The film also has several good action set pieces, one of my favorites being the hunt-by-helicopter that has Lockhart trying to take down the racing werewolf with machine gun fire, only for the lycan to mutilate his pilot (in a hilarious bit where the actor clearly looks like he’s giving the dog a big ol’ bear hug) and cause the aircraft to explode. Others though, like the extended auto chase where Lockhart pursues the fleeing Michael Gambon, feel like so much padding, fluff used to hide the movie’s thin storyline. Yet the slightness makes everything feel more digestible, a straight action-adventure yarn seasoned with some supernaturalism to satisfy the horror hounds. 

You’ve already snarled about some of the film’s aspects, but which of its qualities gets your wolfsbane bloomin’? And, more importantly, how many shoehorned werewolf jokes can I make before someone lays me low with a silver candlestick?


NT: Gosh, if I’m being honest, I love almost everything about THE BEAST MUST DIE. The film presents one of those slightly off-kilter fantasy worlds that I’ll never be able to get my fill of. See, the majority of the werewolf films in horror history cast the existence of wolf men and wolf women as freak occurrences, as stray pieces of ancient superstition invading a basically sane, rational, and realistically conceived modern universe. This is not so in THE BEAST MUST DIE. Here, when Tom Newcliffe assembles his guests in the parlor for the first of two Hercule Poirot moments and announces that someone “sitting in this room is a werewolf,” not one of them flinches. In this alternate reality, in which it’s implied that nearly every character we meet has some prior experience consuming human flesh (!), the existence of werewolves is about as likely as anything else.
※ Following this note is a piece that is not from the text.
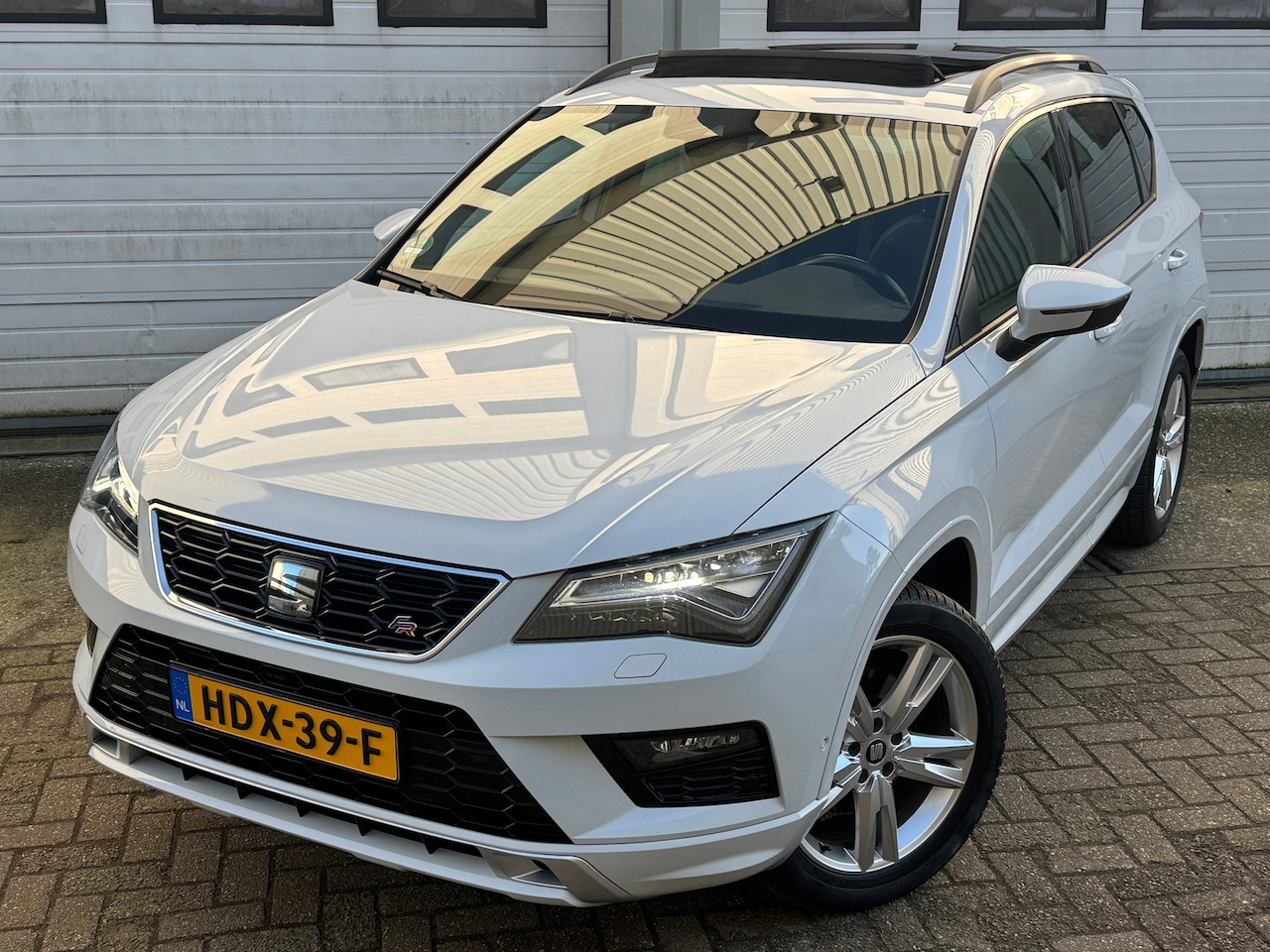 Seat Ateca - 2.0 EcoTSI FR 4DRIVE Led/Acc/Front/Blind/Carplay/Navi/Keyl/Drive/Xenon - AutoWereld.nl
This bizarre fantasy logic extends beyond the wolfier elements as well. Consider, for instance, that Tom Newcliffe flat out tells his wife (Marlene Clark, slumming it [or furring it up?] the year after her brilliant turn in GANJA & HESS [1973]) that if he discovers she’s the werewolf then he will not hesitate to shoot her. Yes, fewer than twenty minutes into the film, our hero is earnestly threatening to shoot his beloved wife. After (spoiler) he is compelled to shoot her during the film’s conclusion, he appears astonished at his own actions. This is the sort of film in which the logic of its character’s motivations confuses even the characters afflicted by it. It’s the sort of film in which the anti-protagonist is given no other option during the film’s resolution than to shoot himself in the face with a hunting rifle.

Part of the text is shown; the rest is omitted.